Write out the listing below without alteration, omitting its pictures.

◆ **Raw data**:
----------

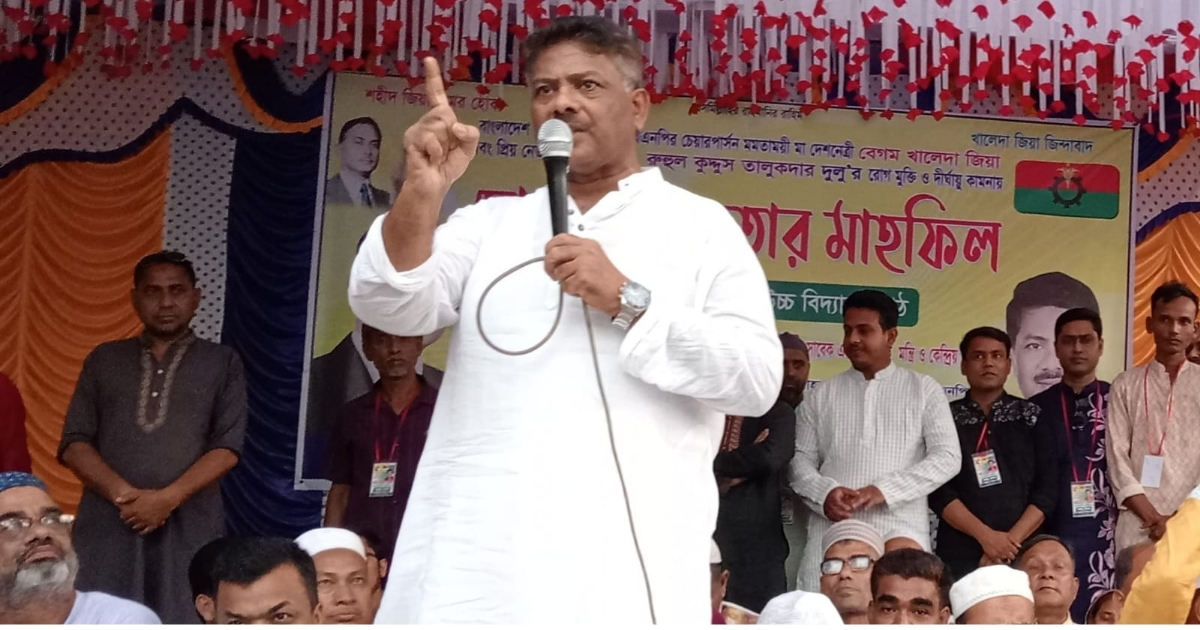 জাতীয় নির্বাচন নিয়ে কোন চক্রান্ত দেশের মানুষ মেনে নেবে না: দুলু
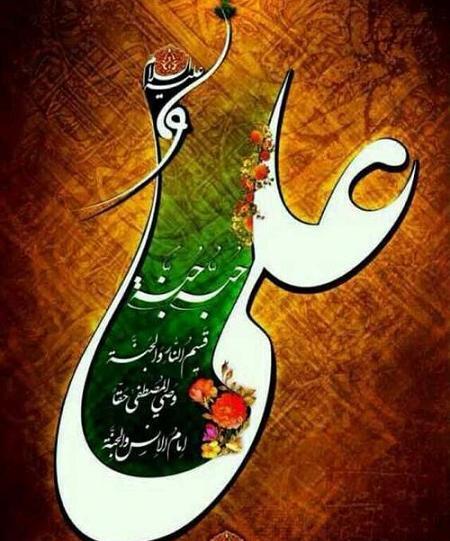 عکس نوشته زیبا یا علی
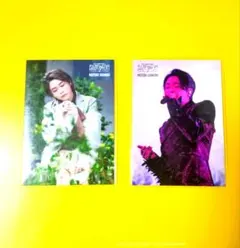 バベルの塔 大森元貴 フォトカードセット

----------

◆ **Exercise response**:
 জাতীয় নির্বাচন নিয়ে কোন চক্রান্ত দেশের মানুষ মেনে নেবে না: দুলু
 عکس نوشته زیبا یا علی
 バベルの塔 大森元貴 フォトカードセット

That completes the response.